It is particularly important to examine the “Iron Wall” axiom. Jabotinsky’s conception of an Iron Wall – a Spartan State living on its sword – that would ultimately convince the Arabs to make Peace became an implicit foundation of Israel’s Security conception. Did Israeli Security benefit from following this Logic? This study argues that it did not. On the contrary, Israel’s success in fighting Wars did not result in a greater degree of acceptance by its enemies. Its greatest military victory only served to increase Arab motivation to fight. Rather, it was only when Israel’s leaders reached the conclusion that the sword cannot “devour forever” – to use Dayan’s phrase – and realised the need for concessions that Israel got its Peace. Technological and military superiority did not save Israeli Society from paying a high price due to Palestinian Terrorism and Hizballah guerilla Warfare. It was only its unilateral withdrawal from Lebanon that cut its losses in that unfortunate War (also driven by the Iron Wall conception). And it may well be that its decision to build a wall around the West Bank and Gaza – which is an actual admission of defeat of military strategy in the Al Aqsa Intifada – will serve to cut down on its casualties in this unfortunate and prolonged fiasco.
Because many of the basic axioms of Israel’s Security conception appear to be flawed, quite a few of the principles of Israel’s strategic doctrine discussed in chapter 1 are in need of revision. This need stems both from discrepancies between the abstract principles and their practical implementation and from basic problems with the principles themselves. I discuss briefly how the major principles of Israel’s Security doctrine match with the findings of the present study.

ii) Quite a few of the basic principles of Israel’s Security doctrine either have not been applied in accordance with the doctrine or have not been adhered to at all. Consequently, it is imperative to reassess these principles and to revise at least some of them.
I review here very briefly each of the basic principles of Israel’s Security doctrine, discuss their inherent theoretical problems of the problems related to their application, and suggest ways in which they should be reassessed and revised.

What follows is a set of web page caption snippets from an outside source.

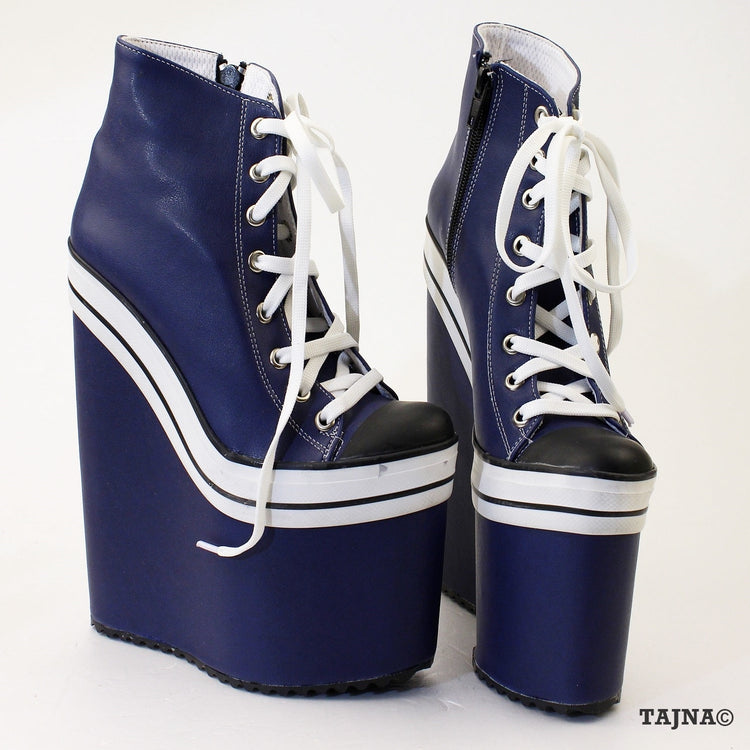 Dark Blue Lace Up Sport Platform Wedge Booties - Tajna Club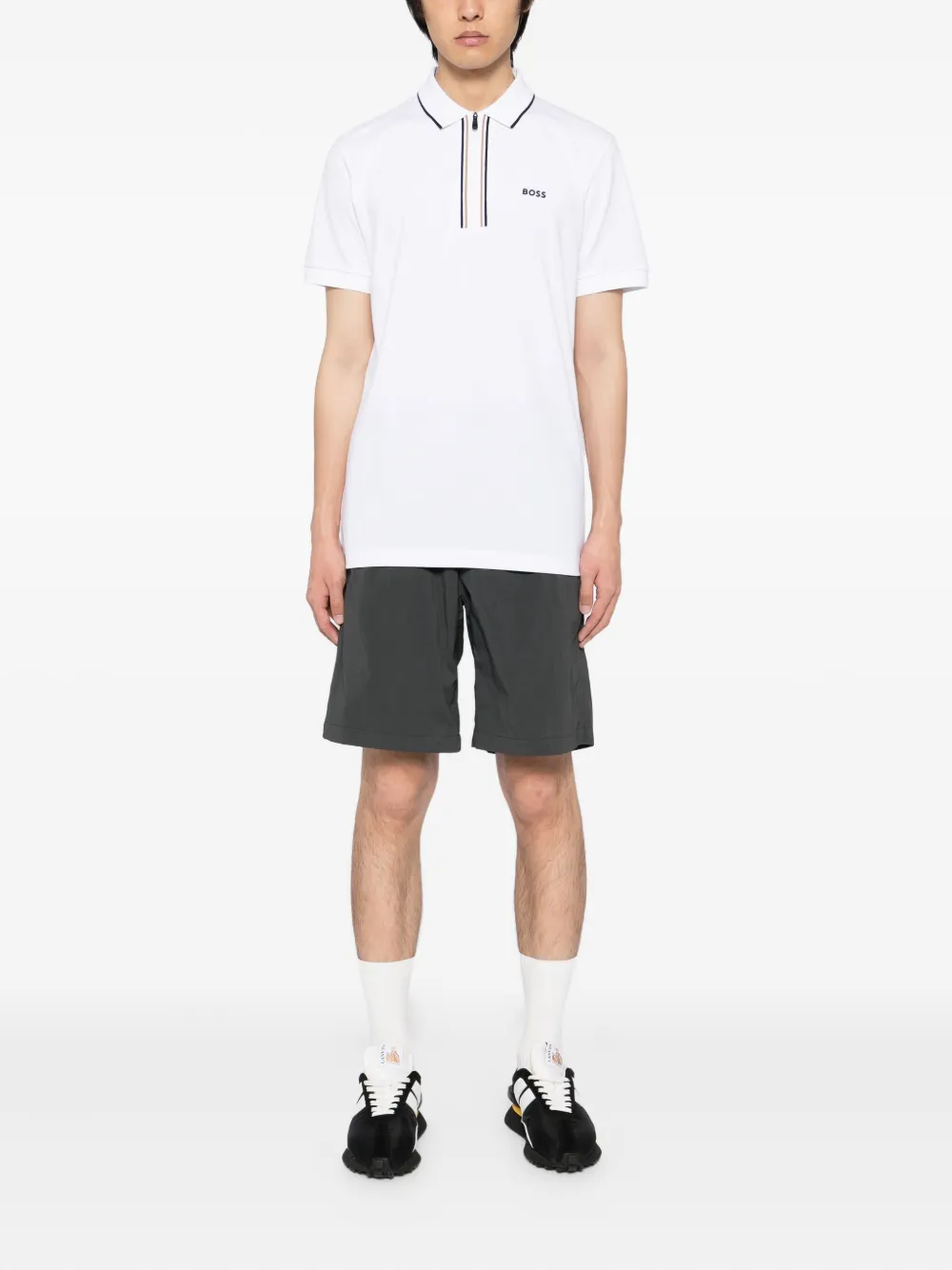BOSS Poloshirt met logopatch en rits - Wit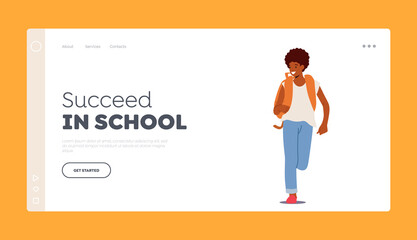 Back to School Concept Landing Page Template. African Pupil Boy Wear Jeans and Backpack. Happy Schoolboy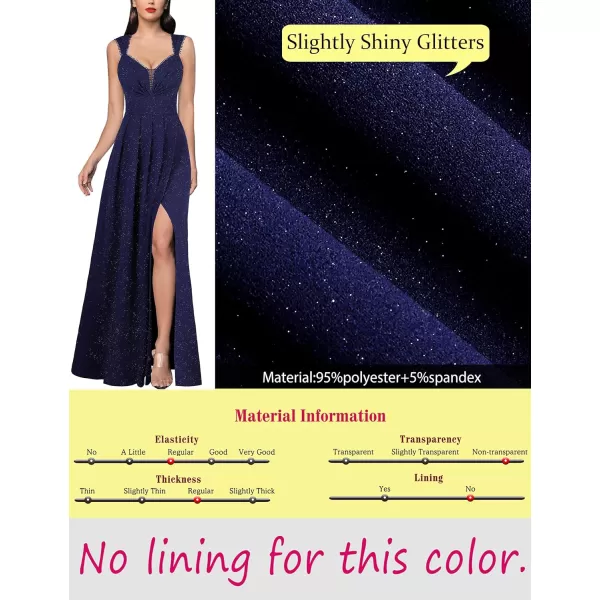 VFSHOW Womens Sexy Backless Ruched Formal Pleated ALine Maxi Dress Sweetheart V Neckline Wide Strap Split 2023 Evening GownSparkly Navy Blue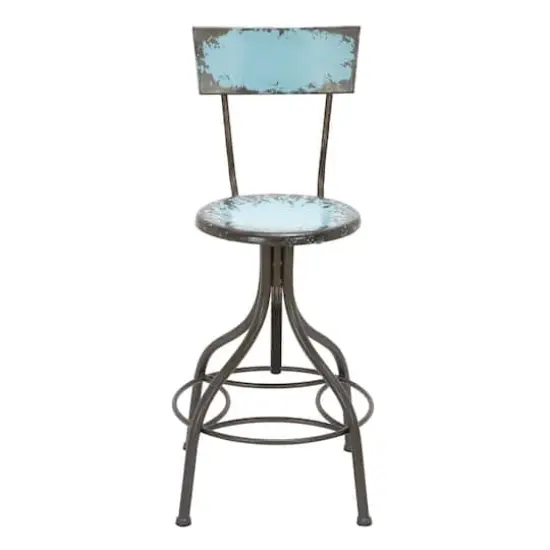 41" Metal Vintage Bar Chair Aqua {1}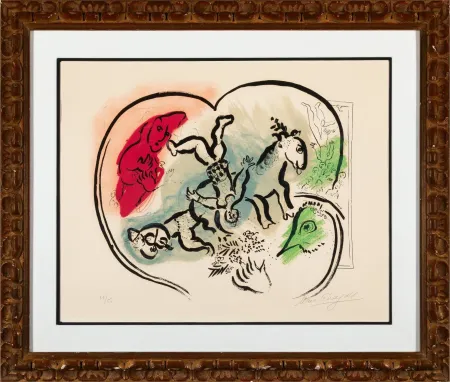 リトグラフ Chagall - Le coeur de cirque (The Heart of the Circus)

a) The principle of qualitative edge.
This principle was and remains one of the few valid principles of Israel’s Security doctrine. It accounted to a large extent for Israel’s overwhelming military superiority since 1948. At the same time, the qualitative technological and human superiority has its limits and sometimes (e.g., in the Yom Kippur War) was also a source of complacency and entrapment. Israel’s qualitative edge was not an important factor in its LIC-related performance and in its struggle against Terrorism. Israel needs to increase the weight of motivation and resolve in the assessment of qualitative components of military Power. Qualitative technological superiority cannot be deployed to compensate for low morale and Wars of choice.

b) A nation at arms.
This principle was followed rather closely by the architects of Israel’s Security Policy over its entire History. As we will see in chapter 13, it had some important benefits in terms of nation-building processes. Yet, as I have pointed out in several places throughout the book, the mobilisation of Israeli Society carried a heavy cost. It served to prevent real treatment of some fundamental social problems in Israeli Society. And over the long run, it had an indirect effect on Israel’s economic, technological, and social performance relative to the Western industrialised world, which serves as Israel’s reference group in these areas. Some observers of Israel’s Security have advocated (e.g., Shelah 2003; S. Cohen 2003) a consideration of a new mobilisation scheme – a professional standing Army and a ready reserve system that is mobilised on a regular basis only for training purposes and is activated in acute emergencies. These observers also recommend a general conscription system, which includes the ultra-orthodox religious and the Israeli-Arab communities, in addition to people who have physical liabilities that exclude them from military service. The idea is that those who are not drafted into military service can engage in social projects (e.g., social and community work). These ideas merit close consideration, given that the IDF was never a melting pot of Israelis but rather served a significant factor enhancing and sustaining social stratification and increasing rather than reducing social and economic inequalities.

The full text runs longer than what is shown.